Monday, June 10, 2019


It’s one of those odd days when the television flowing in is an hour behind the real world. So, no Pointless, for now.

We’ve just heard that the well-off elderly are going to have to pay for their television licences from next year. Do I want to go on?

However, these matters aside, there is really nothing to tell you today. Archie and I got Perdita to her medical advisor this morning.
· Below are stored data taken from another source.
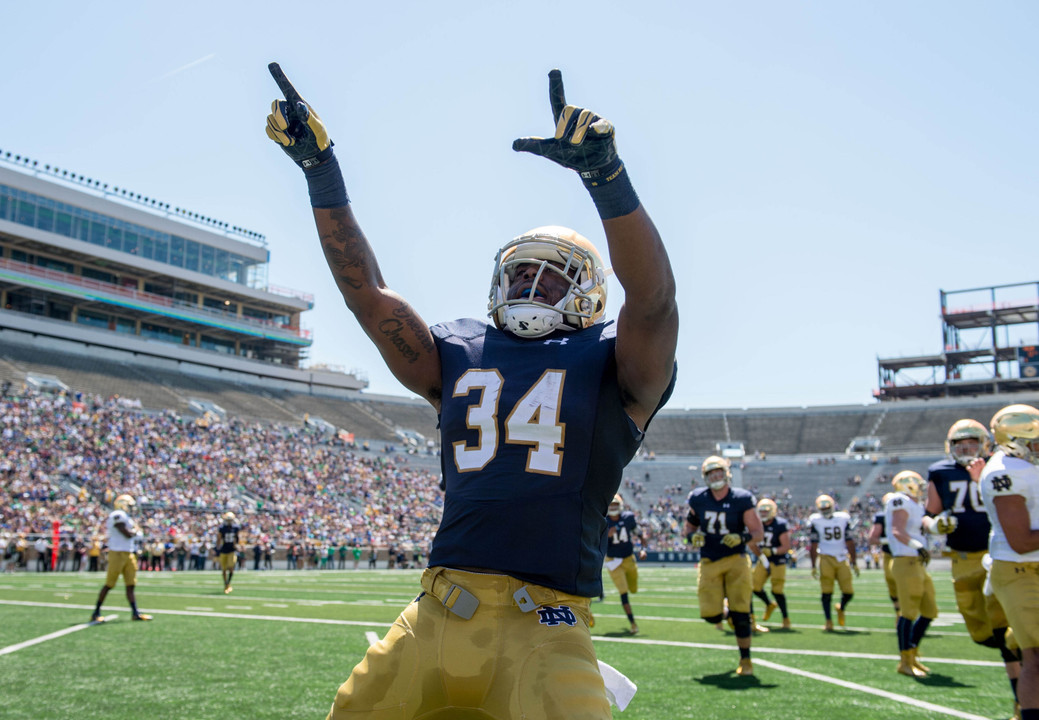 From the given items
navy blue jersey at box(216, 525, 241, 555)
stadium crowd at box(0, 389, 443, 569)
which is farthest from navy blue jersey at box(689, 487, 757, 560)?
stadium crowd at box(0, 389, 443, 569)

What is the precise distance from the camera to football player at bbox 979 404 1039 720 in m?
4.83

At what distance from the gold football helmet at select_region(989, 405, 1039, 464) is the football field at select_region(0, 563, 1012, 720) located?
2.05 meters

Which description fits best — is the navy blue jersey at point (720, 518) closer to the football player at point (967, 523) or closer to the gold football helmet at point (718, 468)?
the gold football helmet at point (718, 468)

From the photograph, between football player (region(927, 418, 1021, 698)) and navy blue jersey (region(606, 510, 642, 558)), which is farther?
navy blue jersey (region(606, 510, 642, 558))

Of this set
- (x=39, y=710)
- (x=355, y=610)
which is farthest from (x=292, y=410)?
(x=39, y=710)

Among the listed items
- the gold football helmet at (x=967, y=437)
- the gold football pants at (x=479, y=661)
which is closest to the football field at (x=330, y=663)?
the gold football helmet at (x=967, y=437)

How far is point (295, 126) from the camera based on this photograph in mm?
2617

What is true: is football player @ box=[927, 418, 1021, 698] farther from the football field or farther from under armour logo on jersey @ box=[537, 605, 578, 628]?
under armour logo on jersey @ box=[537, 605, 578, 628]

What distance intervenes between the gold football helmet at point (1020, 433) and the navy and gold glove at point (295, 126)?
14.0 ft

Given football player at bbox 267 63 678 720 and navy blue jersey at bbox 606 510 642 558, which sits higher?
football player at bbox 267 63 678 720

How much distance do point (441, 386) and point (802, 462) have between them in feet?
167

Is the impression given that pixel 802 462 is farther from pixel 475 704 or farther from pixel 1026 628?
pixel 475 704

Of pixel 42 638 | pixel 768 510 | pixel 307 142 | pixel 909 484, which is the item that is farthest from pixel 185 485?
pixel 307 142

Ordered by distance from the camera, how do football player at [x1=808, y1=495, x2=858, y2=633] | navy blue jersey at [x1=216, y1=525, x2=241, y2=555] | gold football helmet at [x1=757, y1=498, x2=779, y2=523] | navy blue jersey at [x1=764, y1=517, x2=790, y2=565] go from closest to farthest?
football player at [x1=808, y1=495, x2=858, y2=633] < navy blue jersey at [x1=764, y1=517, x2=790, y2=565] < gold football helmet at [x1=757, y1=498, x2=779, y2=523] < navy blue jersey at [x1=216, y1=525, x2=241, y2=555] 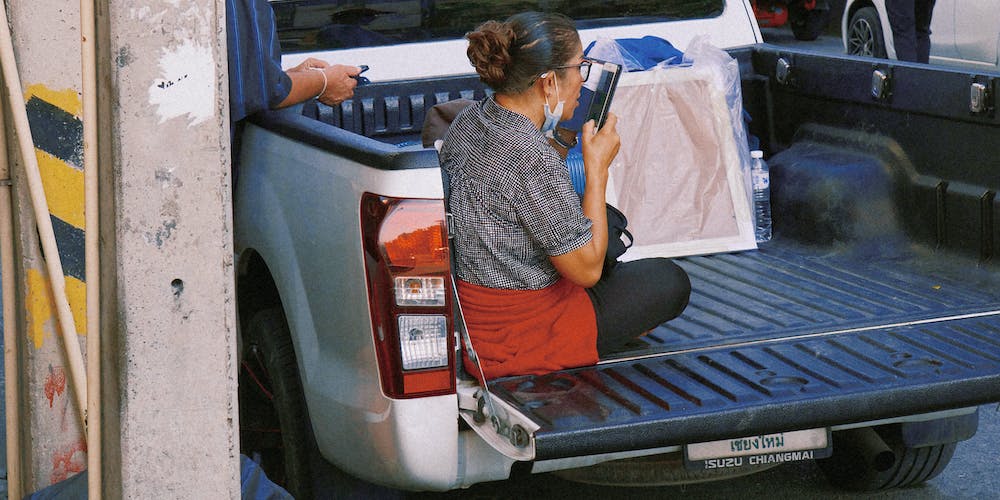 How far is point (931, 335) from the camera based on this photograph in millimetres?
3523

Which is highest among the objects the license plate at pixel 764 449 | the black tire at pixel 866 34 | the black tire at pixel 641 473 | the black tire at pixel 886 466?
the black tire at pixel 866 34

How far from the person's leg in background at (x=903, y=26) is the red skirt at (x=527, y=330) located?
6551 millimetres

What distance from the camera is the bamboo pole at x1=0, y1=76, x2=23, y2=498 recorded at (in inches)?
133

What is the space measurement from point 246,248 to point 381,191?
954 millimetres

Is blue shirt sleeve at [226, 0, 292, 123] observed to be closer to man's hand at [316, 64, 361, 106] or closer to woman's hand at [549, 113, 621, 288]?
man's hand at [316, 64, 361, 106]

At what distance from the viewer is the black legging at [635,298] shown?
3.56 m

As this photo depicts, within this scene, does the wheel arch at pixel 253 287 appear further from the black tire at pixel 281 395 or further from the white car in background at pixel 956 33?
the white car in background at pixel 956 33

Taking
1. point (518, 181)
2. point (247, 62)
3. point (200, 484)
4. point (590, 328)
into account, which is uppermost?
point (247, 62)

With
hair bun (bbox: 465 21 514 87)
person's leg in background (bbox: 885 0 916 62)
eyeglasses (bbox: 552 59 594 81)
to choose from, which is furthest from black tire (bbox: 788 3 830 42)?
hair bun (bbox: 465 21 514 87)

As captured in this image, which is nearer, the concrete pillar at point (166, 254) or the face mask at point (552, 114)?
the concrete pillar at point (166, 254)

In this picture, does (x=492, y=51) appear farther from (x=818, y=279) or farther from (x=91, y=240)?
(x=818, y=279)

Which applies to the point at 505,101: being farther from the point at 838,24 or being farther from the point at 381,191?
the point at 838,24

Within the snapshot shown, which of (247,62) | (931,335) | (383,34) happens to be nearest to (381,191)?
(247,62)

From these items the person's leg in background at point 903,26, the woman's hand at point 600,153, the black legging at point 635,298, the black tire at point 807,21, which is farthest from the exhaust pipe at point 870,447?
the black tire at point 807,21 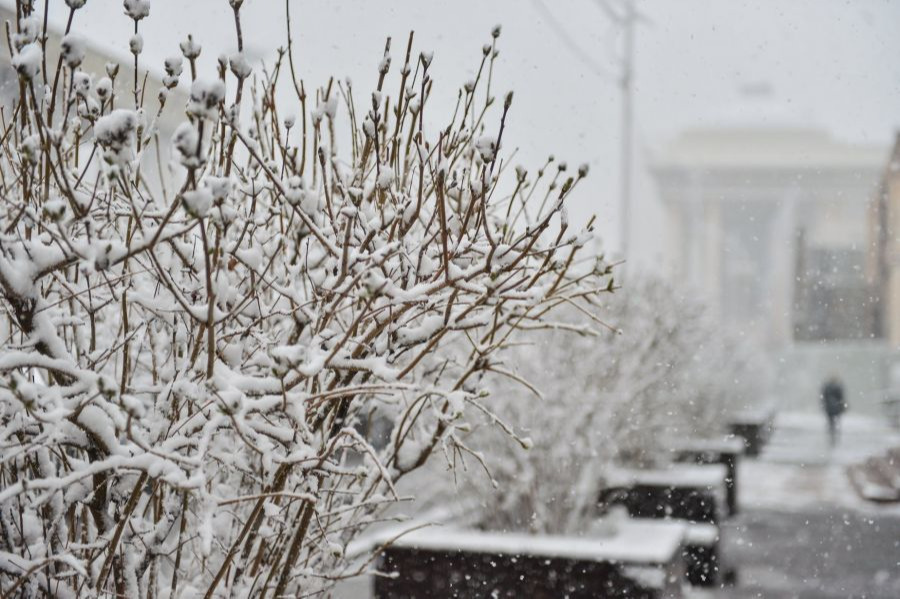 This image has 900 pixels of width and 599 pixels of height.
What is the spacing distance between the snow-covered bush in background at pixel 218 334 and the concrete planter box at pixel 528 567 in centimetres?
292

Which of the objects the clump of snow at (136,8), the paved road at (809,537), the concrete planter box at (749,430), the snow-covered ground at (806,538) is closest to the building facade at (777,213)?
the concrete planter box at (749,430)

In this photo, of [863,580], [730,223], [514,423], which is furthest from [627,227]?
[730,223]

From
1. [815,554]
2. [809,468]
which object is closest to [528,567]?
[815,554]

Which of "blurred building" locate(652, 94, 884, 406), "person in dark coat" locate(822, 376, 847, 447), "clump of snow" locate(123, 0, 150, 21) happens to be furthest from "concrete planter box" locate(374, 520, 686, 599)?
"blurred building" locate(652, 94, 884, 406)

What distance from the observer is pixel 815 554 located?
9.89 metres

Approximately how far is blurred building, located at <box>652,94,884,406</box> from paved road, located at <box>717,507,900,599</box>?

Looking at her, he wasn’t at all sure that he would be able to shave off her matted fur without an anaesthetic, but she behaved impeccably. She was less agreeable about the subsequent vaccination. Since our return, she has seemed livelier. A visit to the doctor often has that effect.

But I was totally beaten. I like to do the Spring Shawl early in the day, while the mind is functioning. There was no chance of that today – and so far this evening, due to the eccentricities of cable television, no Pointless and therefore no Calcutta Cup scarf.

Non-knit

I, too, have vivid memories of Mesopotamia from my primary education. Is it something about the way they do it in the USA? I must ask some people here.

I’m nearly finished with “No Name”. I’m glad I persevered, but Collins isn’t as good at people as Trollope is. I still think Miss Mackenzie made the right choice, Shandy, and will be reasonably happy (which is all you can ask for, in life). At least she and her husband both know that the mother-in-law must be resisted.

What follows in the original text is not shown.